Here’s What the Massachusetts Police Reform Bill Would Do
It passed after an all-nighter in the Senate, and aims to significantly shake up law enforcement in the state.
A protest movement that saw thousands take to the streets of Boston, amid similar demonstrations against racism and police brutality around the country, has yielded results in Massachusetts.
Following a 16-hour all-nighter that lasted from Monday into the wee hours of Tuesday morning, bleary-eyed state senators have passed a police reform bill that aims to shake up law enforcement in the state by—among other actions—banning tactics like chokeholds, limiting qualified immunity, and establishing a new way to hold problem cops accountable for what they do on the job. It passed 30-7, to the consternation of some in the chamber who complained the bill had been rushed through without enough input from the public or police groups, and have tried for days to stop it from moving forward.

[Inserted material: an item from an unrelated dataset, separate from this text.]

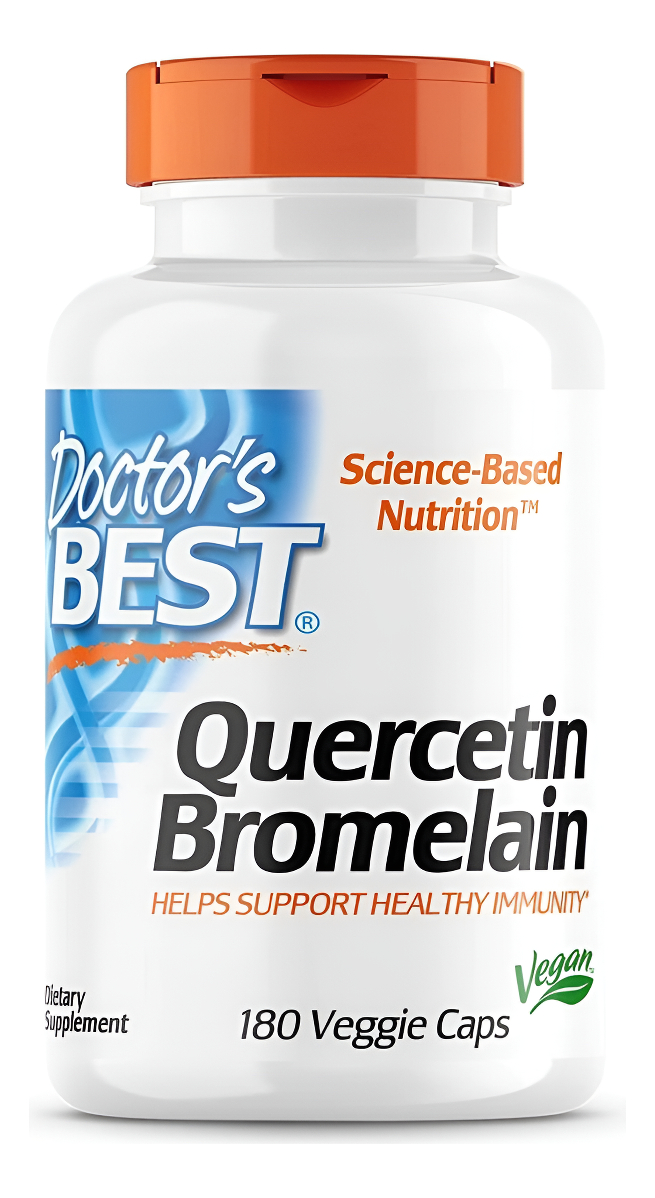 Quercetina + Bromelina 180 Caps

The bill now heads to the House, which faces a July 31 deadline before the legislature is scheduled to break for the summer.

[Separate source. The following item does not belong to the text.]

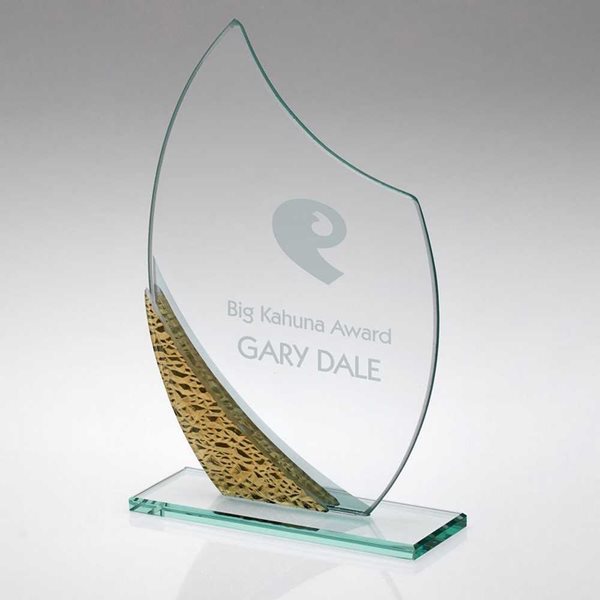 Jade Glass Curved Award SG6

— Karen Spilka (@KarenSpilka) July 14, 2020
“There is no doubt that we are in a difficult moment, both nationally and in our Commonwealth,” Senate President Karen Spilka said in a statement, “but I’m proud of the Senate for listening to calls for racial justice and beginning the difficult work of reducing institutionalized violence, shifting our focus and resources to communities that have historically been negatively impacted by aggressive policing, and introducing many creative ideas to build greater equity and fairness in our Commonwealth.”
So—what would the bill do?
First, and most controversially, it would chip away at (but not eliminate) so-called “qualified immunity,” the doctrine that says cops can’t be held accountable in lawsuits unless their misconduct is explicitly established in the law as illegal, and which has shielded violent police officers from being personally responsible for their actions. Police say that limiting qualified immunity puts them at risk of frivolous lawsuits. If the bill passed, Massachusetts would follow Colorado to become the second state to curtail such protections.

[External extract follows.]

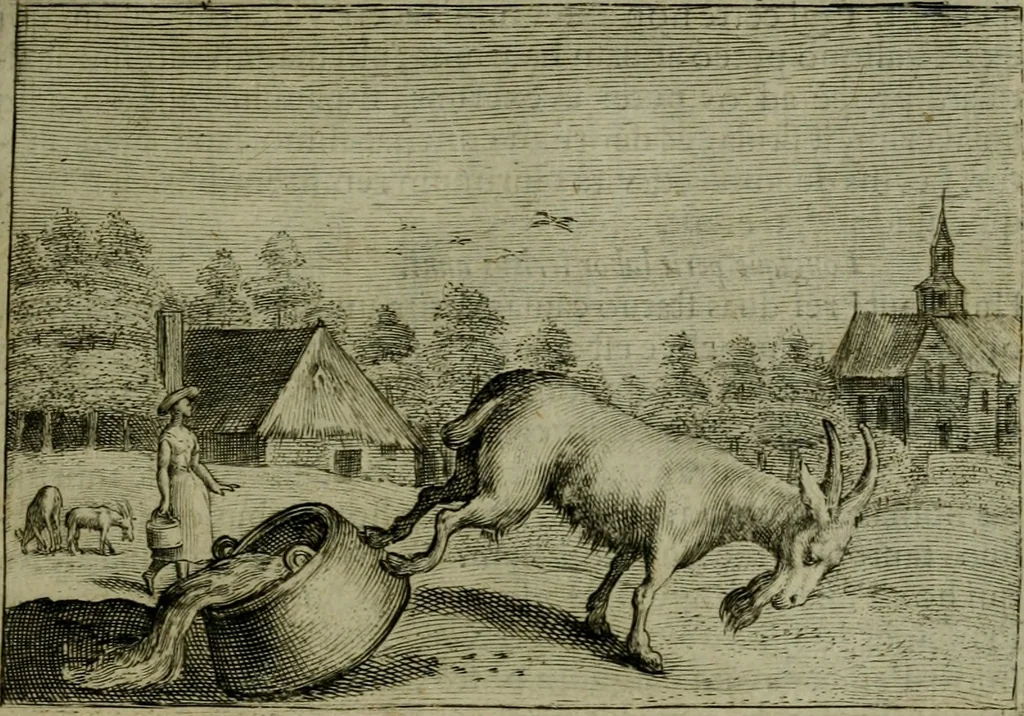 An illustration from Emblemata Florentii Schoonhovii I.C. Goudani, partim moralia, partim etiam civilia. Cum latiori eorundem ejusdem auctoris interpretatione. Accedunt et alia quaedam poëmatia in alijs poëmatum suorum libris non contenta, 1618, leaf 178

It would also create a Police Officer Standards and Accreditation Committee, which would be empowered to monitor and investigate police conduct, license law enforcement, and revoke licenses for violent or racist behavior and other misdeeds. Licenses would come up for review every three years, and reports of misconduct would be compiled in a searchable database that would follow an officer through the rest of his or her career.
Additionally, the bill would ban one of the more heinous tactics in the problem-cop toolbox, chokeholds, and set new limits on the use of tear gas, a weapon of war used repeatedly on protesters in Massachusetts and elsewhere during Black Lives Matter demonstrations.
Other measures included in the bill’s dense language would ask the new accreditation committee to set standards for police conduct in large crowds, require police departments to seek “civilian authorization” before buying military equipment for use on citizens, and ban schools from feeding information about students’ immigration status or suspected gang affiliation to police. The bill would also let many young people charged with crimes expunge their records, and allow the head of the State Police to be drawn from outside the ranks of current troopers.
Now that the bill has moved to the House, Speaker Robert DeLeo says he aims to hold a first meeting this week. “Despite a changed timetable, House leadership remains committed to working with the Black and Latino Legislative Caucus and House colleagues to take decisive action through omnibus legislation. We look forward to reviewing the Senate’s engrossed bill and the work ahead,” DeLeo said, according to the State House News Service.